It's something you hope will never happen but most parents will have had at least one moment where they lose sight of their child.

And with the school holidays starting, chances are you'll be spending a lot more time with your kids.

You may be taking them on a shopping trip to Meadowhall or enjoying a day out around Sheffield or somewhere unfamiliar.

But what should you do if the worst should happen?

Former police officer Mark Williams-Thomas appeared on ITV's This Morning to give out some expert advice.

He told parents what the best thing to do immediately after your child goes missing.

He said: "Well, the crucial thing and this is the same throughout, stay where you are. Child disappears, the likelihood is they'll come back to where they last saw you."

The video has been viewed more than 300k times and shared over 1,000 times as Mr Williams-Thomas explains the best thing parents can do.

"If they've got a mobile phone try ringing them, try and communicate with them, tell people around you that your child has gone missing," he added.

"In five minutes, so that period of time for the first five minutes, again stay where you are.
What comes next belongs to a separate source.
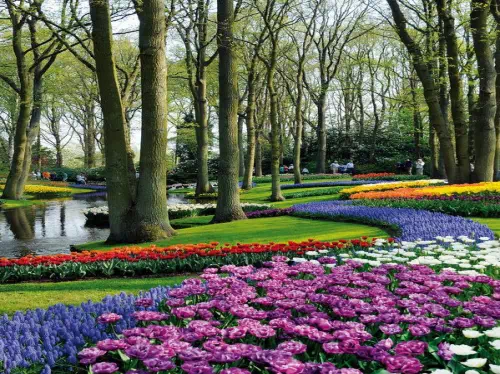 Keukenhof Gardens Fast-track Ticket & Tulip Fields Day Tour from Amsterdam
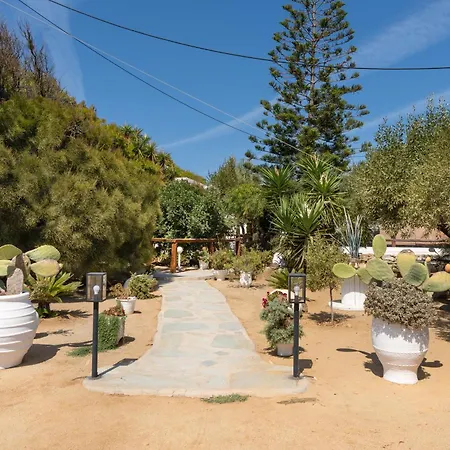 Sunrock - Begonia Naxos City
Also, you now need to contact the police, you need to contact the authorities.

"Tell people what your child is wearing. When your child goes out in the, write your telephone number on their wrist.

"Just put a telephone number, and you'll make that phone call 'I've got this child here, is it your child?' If your child has a tendency to run off, take a photograph of what your child is wearing on that morning.

"Sometimes we forget what our children wear. And also, if they've got mobile phones, have a point of contact with mobile phones, what we call it is In Case of Emergencies, ICE.

"So your mum's number, you nan's number, your dad's number, it's a point of contact"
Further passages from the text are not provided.